We consider termination of the LCTRS with only rule scheme Calc:

  Signature: cond1 :: Bool -> Int -> Int -> Int
             cond2 :: Bool -> Int -> Int -> Int
             diff  :: Int -> Int -> Int

  Rules: diff(x, y) -> cond1(x = y, x, y) | x = x /\ y = y
         cond1(true, x, y) -> 0 | x = x /\ y = y
         cond1(false, x, y) -> cond2(x > y, x, y) | x = x /\ y = y
         cond2(true, x, y) -> 1 + diff(x, y + 1) | x = x /\ y = y
         cond2(false, x, y) -> 1 + diff(x + 1, y) | x = x /\ y = y

The system is accessible function passing by a sort ordering that equates all sorts.

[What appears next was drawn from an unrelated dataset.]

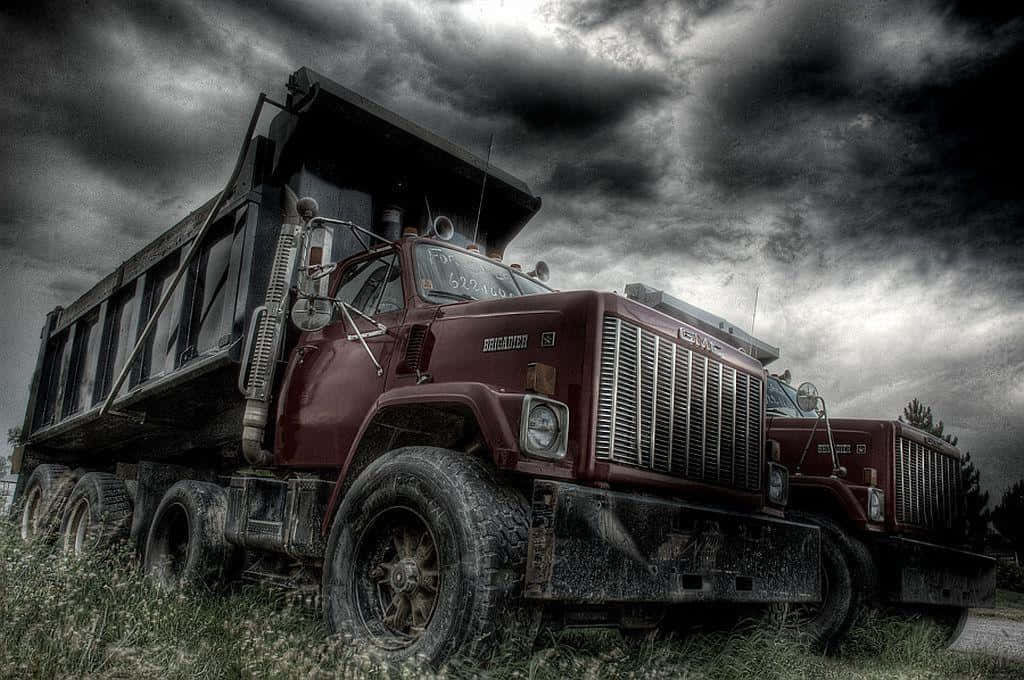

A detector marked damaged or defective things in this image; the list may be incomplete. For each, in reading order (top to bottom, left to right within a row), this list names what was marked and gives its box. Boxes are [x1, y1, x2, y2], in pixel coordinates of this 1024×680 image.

rusty metal panel [524, 480, 820, 604]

We start by computing the initial DP problem D1 = (P1, R, i, c), where:

  P1. (1) diff#(x, y) => cond1#(x = y, x, y) | x = x /\ y = y
      (2) cond1#(false, x, y) => cond2#(x > y, x, y) | x = x /\ y = y
      (3) cond2#(true, x, y) => diff#(x, y + 1) | x = x /\ y = y
      (4) cond2#(false, x, y) => diff#(x + 1, y) | x = x /\ y = y

***** We apply the Usable Rules Processor on D1 = (P1, R, i, c).

We obtain 0 usable rules (out of 5 rules in the input problem).

Processor output: { D2 = (P1, {}, i, c) }.

***** No progress could be made on DP problem D2 = (P1, {}, i, c).